Final Transgression by Harriet Welty Rochefort
English | 2020 | General Fiction/Classics | ePUB | 2.9 MB
Spring 1944: Betrayed by her collaborationist husband, Séverine Sevanot travels from Paris to her beloved hometown in southwest France. Séverine’s friends and family have urged her not to go: the region is a tinderbox where the French are fighting not only the Nazis, but their own countrymen who support the pro-German Vichy regime. Séverine ignores the advice. She always does exactly what she wants.
Summer 1994: To mark the 50th anniversary of D-Day, an American reporter interviews 85-year-old Caroline Aubry, Séverine’s sister. Caroline tells of fleeing the Germans by taking to the road in May 1940, then returning to a Paris that has been overrun by Germans flirting with young French girls, playing oom-pah band music in the parks, and imposing strict rationing on the city while keeping the best food and wine for themselves.
What Caroline omits is a story she has never revealed, even to her son Félix. Now, though, unsettled by the interview and the memories it evokes, Caroline decides that it is time for Félix to learn the secrets of the past…
Kirk had been surprised when Félix insisted that his mother speak to him and no one else. Perhaps she was shy, or maybe too many other reporters had been pestering her. It was none of his business; he simply hoped that she’d be photogenic, and he’d get a few good anecdotes from an ordinary person who had lived through extraordinary times. He was pleased with this new angle: a novel subject, a good profile of a dignified French woman in her home, a bit of vicarious self-identification for the viewers as they wondered what they’d have done in her place. Wasn’t that the business of TV news? Maybe she would tear up—cry even. Emotion, that was the ticket.

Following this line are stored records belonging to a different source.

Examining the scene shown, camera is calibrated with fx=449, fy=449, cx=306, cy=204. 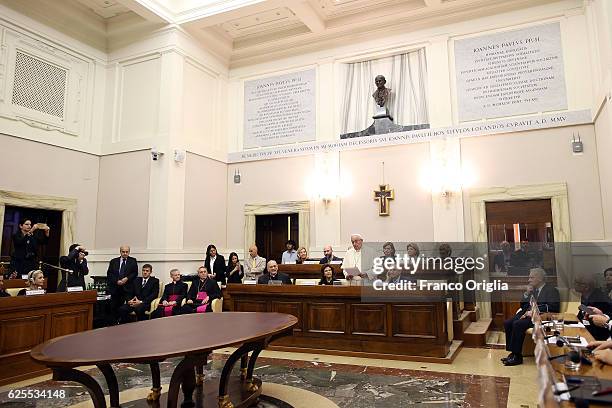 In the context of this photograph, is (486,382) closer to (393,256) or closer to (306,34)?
(393,256)

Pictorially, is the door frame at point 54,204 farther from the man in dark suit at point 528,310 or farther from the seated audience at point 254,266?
the man in dark suit at point 528,310

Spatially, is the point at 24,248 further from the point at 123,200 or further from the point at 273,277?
the point at 273,277

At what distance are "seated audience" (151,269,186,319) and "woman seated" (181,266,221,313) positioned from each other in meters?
0.14

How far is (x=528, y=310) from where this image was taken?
18.5 feet

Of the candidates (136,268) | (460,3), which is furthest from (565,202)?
(136,268)

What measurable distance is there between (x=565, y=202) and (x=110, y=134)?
9.11 meters

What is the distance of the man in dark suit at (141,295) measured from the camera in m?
7.53

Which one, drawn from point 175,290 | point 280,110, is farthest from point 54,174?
point 280,110

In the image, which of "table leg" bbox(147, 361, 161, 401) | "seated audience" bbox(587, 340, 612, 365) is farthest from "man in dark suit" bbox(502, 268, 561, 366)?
"table leg" bbox(147, 361, 161, 401)

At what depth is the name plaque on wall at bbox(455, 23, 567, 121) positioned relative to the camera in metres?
8.06

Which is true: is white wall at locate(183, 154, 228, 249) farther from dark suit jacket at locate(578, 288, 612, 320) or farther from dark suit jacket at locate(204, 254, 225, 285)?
dark suit jacket at locate(578, 288, 612, 320)

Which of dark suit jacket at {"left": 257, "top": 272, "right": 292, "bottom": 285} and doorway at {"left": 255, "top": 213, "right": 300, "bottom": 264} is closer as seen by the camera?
dark suit jacket at {"left": 257, "top": 272, "right": 292, "bottom": 285}

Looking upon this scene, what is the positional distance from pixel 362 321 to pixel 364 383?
1.35 meters

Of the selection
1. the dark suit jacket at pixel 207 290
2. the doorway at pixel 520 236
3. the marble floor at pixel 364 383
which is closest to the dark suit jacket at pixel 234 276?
the dark suit jacket at pixel 207 290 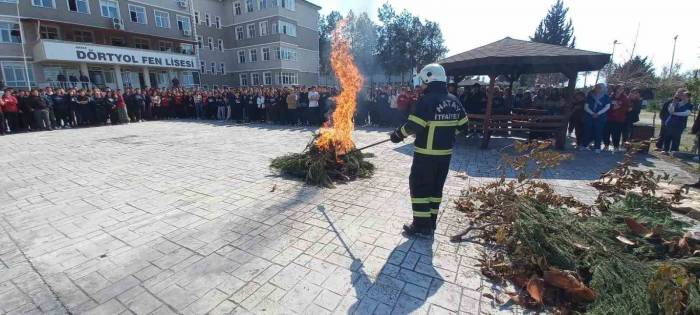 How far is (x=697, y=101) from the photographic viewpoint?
13703 mm

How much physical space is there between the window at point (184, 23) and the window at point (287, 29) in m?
10.1

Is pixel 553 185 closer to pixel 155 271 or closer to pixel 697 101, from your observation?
pixel 155 271

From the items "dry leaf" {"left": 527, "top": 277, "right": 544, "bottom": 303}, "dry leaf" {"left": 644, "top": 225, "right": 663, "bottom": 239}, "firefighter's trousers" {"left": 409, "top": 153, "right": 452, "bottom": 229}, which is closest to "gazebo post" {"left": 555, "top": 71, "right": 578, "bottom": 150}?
"dry leaf" {"left": 644, "top": 225, "right": 663, "bottom": 239}

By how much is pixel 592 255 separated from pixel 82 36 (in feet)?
127

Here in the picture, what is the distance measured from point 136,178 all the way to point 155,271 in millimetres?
4341

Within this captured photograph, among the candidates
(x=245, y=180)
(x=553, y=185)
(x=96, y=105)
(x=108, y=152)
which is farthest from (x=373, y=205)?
(x=96, y=105)

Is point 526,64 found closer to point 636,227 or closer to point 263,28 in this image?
point 636,227

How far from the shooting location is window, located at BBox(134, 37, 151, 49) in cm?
3241

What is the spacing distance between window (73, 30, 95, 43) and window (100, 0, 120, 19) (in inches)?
92.3

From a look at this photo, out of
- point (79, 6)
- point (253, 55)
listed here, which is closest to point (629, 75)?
point (253, 55)

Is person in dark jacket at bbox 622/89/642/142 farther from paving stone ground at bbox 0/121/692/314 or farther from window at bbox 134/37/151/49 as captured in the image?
window at bbox 134/37/151/49

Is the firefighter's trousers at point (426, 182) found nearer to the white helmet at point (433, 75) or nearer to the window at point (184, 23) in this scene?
the white helmet at point (433, 75)

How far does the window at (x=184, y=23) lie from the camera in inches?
1396

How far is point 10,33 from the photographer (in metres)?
24.4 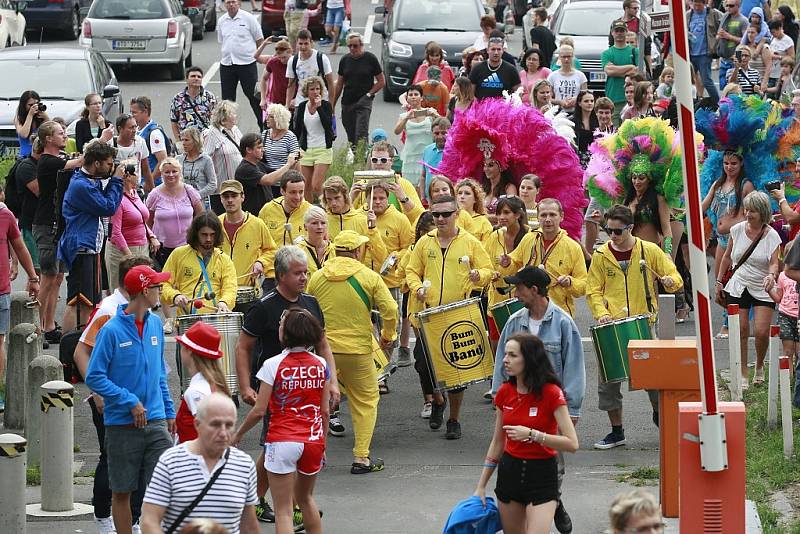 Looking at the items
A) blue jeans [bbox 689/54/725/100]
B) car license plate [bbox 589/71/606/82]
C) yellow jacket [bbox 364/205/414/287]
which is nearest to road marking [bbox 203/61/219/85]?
car license plate [bbox 589/71/606/82]

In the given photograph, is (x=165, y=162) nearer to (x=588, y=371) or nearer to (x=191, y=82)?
(x=588, y=371)

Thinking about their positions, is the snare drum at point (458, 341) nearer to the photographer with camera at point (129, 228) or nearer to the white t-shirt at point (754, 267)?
the white t-shirt at point (754, 267)

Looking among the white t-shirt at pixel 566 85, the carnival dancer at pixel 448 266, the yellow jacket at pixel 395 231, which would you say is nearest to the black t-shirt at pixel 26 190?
the yellow jacket at pixel 395 231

The sound of footsteps interrupted Kirk’s thoughts. The lacquered green door opened, and a slightly built and slender woman stepped out into the porchway. She was perfect; her silver hair gave her a dignified air and her blue eyes sparkled with a lively intelligence. She hugged Félix and shook Kirk’s hand formally after the introductions had been made. As they all stepped into the small vestibule and began making small talk, Kirk transformed automatically into reporter mode, gauging how well her low and well-modulated voice, her quintessentially French appearance and demeanor (Félix had been right about that) would play. He knew immediately that she would play very well indeed.
Even at her advanced age, Félix’s mother stood straight. She smelled of an exotic perfume and was stylishly dressed in what looked to Kirk like a Chanel suit, although he employed a fashion correspondent to make observations like that. She was the kind of woman people describe as poised and elegant, Kirk mused. She’d have turned heads in her youth, and she still had that indefinable presence that would be perfect for the camera.
Kirk turned his attention away from Madame Aubry and looked around the small vestibule; every object in it seemed to have been carefully chosen. On the shelves were leather-bound copies of books by Racine, Balzac and Victor Hugo as well as a few objets and carefully framed photos. Madame Aubry ushered them into the main part of the house, and again Kirk was quietly impressed: it didn’t correspond to his preconceptions of old lady decor. He’d imagined dinginess, musty unpleasant odors and dusty, worn antique furniture crowded into small rooms. Instead, bouquets of fresh flowers from the garden perfumed the air. The walls of the ground-floor rooms were painted a refined and restful shade of pale rose; the sofas, which faced each other in front of the fireplace, were dove gray, and the only older pieces of furniture were a marble-topped console on which a group of silver-framed photos was aligned, and at one end of the sitting room a pair of chairs he couldn’t identify: Louis, probably, but which one? He’d have to ask Félix. He had the feeling Caroline was reading his mind as she indicated one of the Louis something-or-other chairs to him.